3.Sizin çalıştığınız Batı coğrafyasında her fikir değerlidir, Batı da yaşayıp “Oriyental” bakış açısını kayıp etmediniz ise daha büyük sıkıntı var.
Bugün İsveç dünya da tek başına hiç bir önlem ve yasak uygulamayan ve 100 binde 57 ölüm oranı ile yüksek rakama sahip ülke. Ama bu bile değerlendirmeye alınmış bir strateji. Maskeni tak, mesafeni koru, ellerini temiz tut. Kalabalık kapalı alandan uzak dur.”
 
 
Aşılara erişimde sıkıntı yaşanabileceğini belirten Şener;
" Çalışacak mı? Yani etkin antikor yanıtı oluşacak ve uzun sürecek mi? Benzer hastalıklarda ki deneyim çok iyi değil.Örnek grip aşısı yaklaşık %60 koruyucu Ab oluşturuyor ve bir yıldan az kalıyor.

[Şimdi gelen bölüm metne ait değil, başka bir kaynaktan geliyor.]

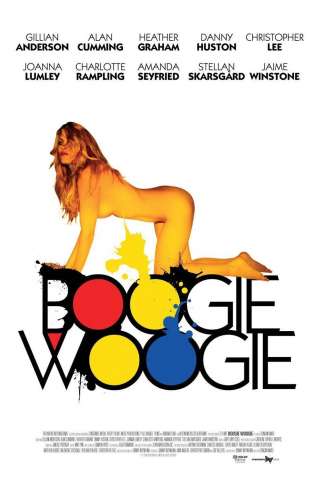 Tradire è un'arte - Boogie Woogie [HD] (2010)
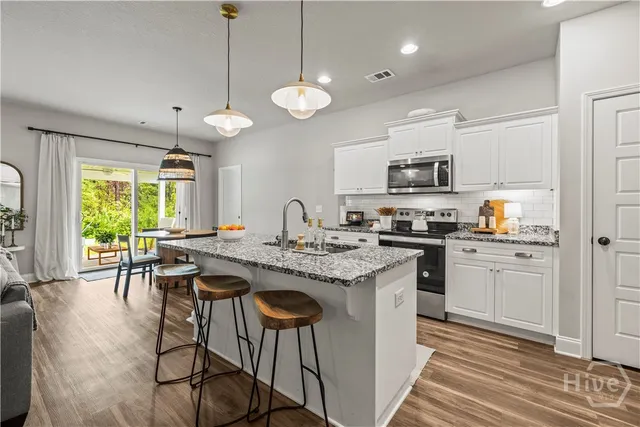 $360,000 | 233 Timberlake Lane, Guyton, GA 31312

Güvenli olacak mı? Aşı için taşıyıcı virüsler kullanıyor.Bu ilk defa kullanılan ve ilk defa insanda denecek bir teknoloji.
Aşıya erişim imkanı olacak mı?Bizim gibi ülkelerde hala grip aşısına bile erişim sorunu varken, geliştirilecek korona aşısı hayal gibi geliyor.Basit bir örnek kızamık aşı etkinliği %90 olan bir hastalık ama hala dünyada her yıl 140bin çocuk kızamıktan ölüyor.Sşısı var, koruyucu ama erişim problemi nedeniyle.
Aşı pandemiyi durdurur mu? Hayır.Sihirli değnek değil.Kişiyi korur.Dolaşan virüs yükü azalır ama Pandemi devam edecektir.
Epidemi/Pandemiler ile ilgili tahmini maliyet rakamları daha ilginç
(Dr. Tom Frieden)
SARS (2003)-40milyar$
H5N1(2006)-40milyar$
H1N1 (2009)-45milyar$
Ebola (2014)-55milyar$
Covid19(2020)-8.8TRİLYON$.Şimdilik tabii. " açıklamalarında bulundu.”